LAUSR

Abstract Catalytic combustion is a very cost-effective way to eliminate volatile organic compounds (VOCs). The components of the VOCs in storage tanks are complex, with alkanes, alkenes and aromatic hydrocarbons being the main components. The aromatic hydrocarbons are the most difficult organic compounds among the storage tank VOCs in terms of catalysing combustion, and they are easy to cause catalyst carbon deposition. In this work, the Pt/γ-Al2O3, Pd/γ-Al2O3, Pd–Pt/γ-Al2O3, Pd–Pt/CeO2/γ-Al2O3 and Pd–Pt/CeO2/γ-Al2O3–N catalysts were prepared using an incipient wetness impregnation method. The performances of the catalysts were investigated using toluene and a simulation of VOCs in gas in a storage tank as model reactants.
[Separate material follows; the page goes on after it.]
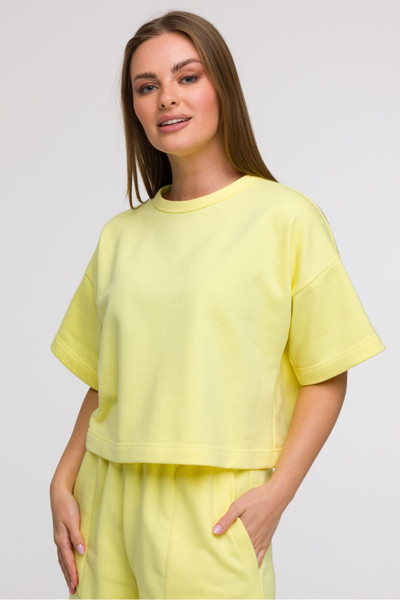 yellow - Sweatshirt model 211524 BeWear U704-211524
The study found that Pt has a higher catalytic combustion activity than Pd for the alkanes in the VOC gas in the simulation storage tank, and Pd has a higher catalytic combustion activity than Pt for the alkenes and toluene in the VOC gas in the simulation storage tank. The Pt addition enhances the activity of Pd-based catalysts for VOC catalytic combustion, and the Pd–Pt active component has good active stability. The catalyst prepared by using Pd–Pt alone has a defect in that it exhibits an insufficient oxygen supply performance in the catalytic combustion process. The addition of CeO2 improves the oxygen supply performance of the Pd–Pt-based catalyst. In addition, the activity of the Pd–Pt/CeO2/γ-Al2O3–N catalyst prepared by reducing the validated amount of Pd–Pt is higher than that of a commercial catalyst.